Vivax malaria blood samples with at least 70% of parasite population in “ring” forms were cryopreserved using the glycerolyte method as described previously.^22,35  Prior to cryopreservation, vivax malaria samples with parasitemia lower than 0.1% were subjected to 75% Percoll density gradient centrifugation to concentrate the parasitized erythrocytes. The cryopreserved samples were then thawed using the sodium chloride method.³⁶  The thawed samples were then matured, and rosetting assay was conducted as described above. Rosetting prevalence of each cryopreserved isolate was determined.

Blood samples infected with either P vivax or P falciparum were cultivated and matured until at least 60% of the parasite population reached schizogony. One hundred µL of each culture suspension was used as a control where its rosetting rate was determined. Matured parasites from the remaining culture suspension were then concentrated with magnetic activated cell sorting column (Miltenyi Biotec). The concentrated infected packed erythrocytes (volume = ×) were then mixed with 0.5 × volume of uninfected packed normocytes, and 0.5 × volume of uninfected reticulocytes. The cell mixtures were suspended in enriched McCoy’s 5A medium as described above and mixed well by vortexing to disrupt rosettes. Importantly, in a preliminary study (data not shown), we found that rosettes were disrupted even after 1 minute of vortexing (we used 2 minutes to be absolutely sure of total disruption). The free infected RBCs (IRBCs) started reforming rosettes within seconds, and the vortexed isolate returned to the original rosetting frequency within 5 minutes. To ensure maximal rosette formation, we incubated the vortexed blood mixtures at 37°C for 30 minutes. Thereafter, rosetting assay was conducted as described above. Types of erythrocytes involved in each rosette were studied, and the erythrocyte subset preference for rosetting in P vivax and P falciparum were then determined.

Preliminary trials clearly showed that the intact anti-glycophorin C and A antibodies caused considerable hemagglutination (not observed with CD35 antibodies). Therefore, it was necessary to use Ag-binding (FAB) fragments fragments of anti-CD236R and CD235a monoclonal antibodies.
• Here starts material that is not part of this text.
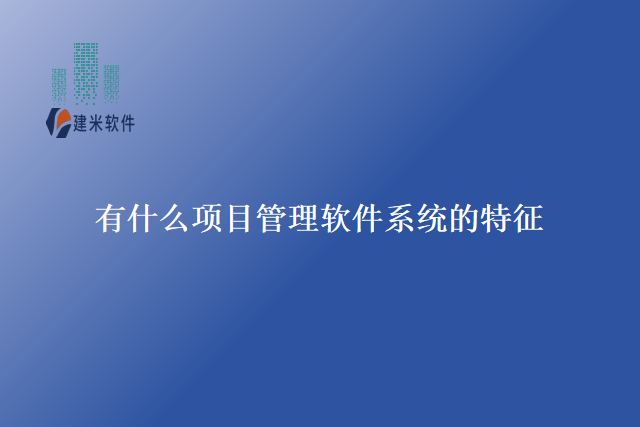 有什么项目管理软件系统的特征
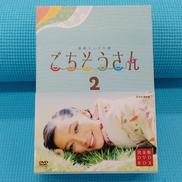 連続テレビ小説 ごちそうさん 完全版 DVD-BOX2|(株)NHKエンタープライズ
Mouse anti-human CD236R clone BRIC 4 IgG (Thermo Scientific Pierce), mouse anti-human CD236R clone BRIC 10 IgG (Abcam, Cambridge, United Kingdom), and mouse anti-human glycophorin A IgG (Abcam) were used for this experiment. Fab fragments of the respective antibodies were prepared using the Pierce Fab Micro Preparation Kit and Resin Kit (Thermo Scientific Pierce). Plasmodium sp. infected blood samples were cultured and matured as described above. Then, the culture suspensions were vortexed vigorously for 2 minutes to mechanically dissociate any preformed rosettes. Each culture suspension was divided into four 1.5 mL microcentrifuge tubes, where each tube of culture suspension was added with one type of the prepared antibody or Fab fragments (50 μg/mL final concentration), and one treatment-free tube was the negative control for the experiment. The mixtures were incubated for 30 minutes at 37°C. Finally, rosetting assay was conducted on each tube of suspension as described above. In addition to the Fab treatments, we also used mouse anti-human CD35 antibody (BD Pharmigen) as a positive control.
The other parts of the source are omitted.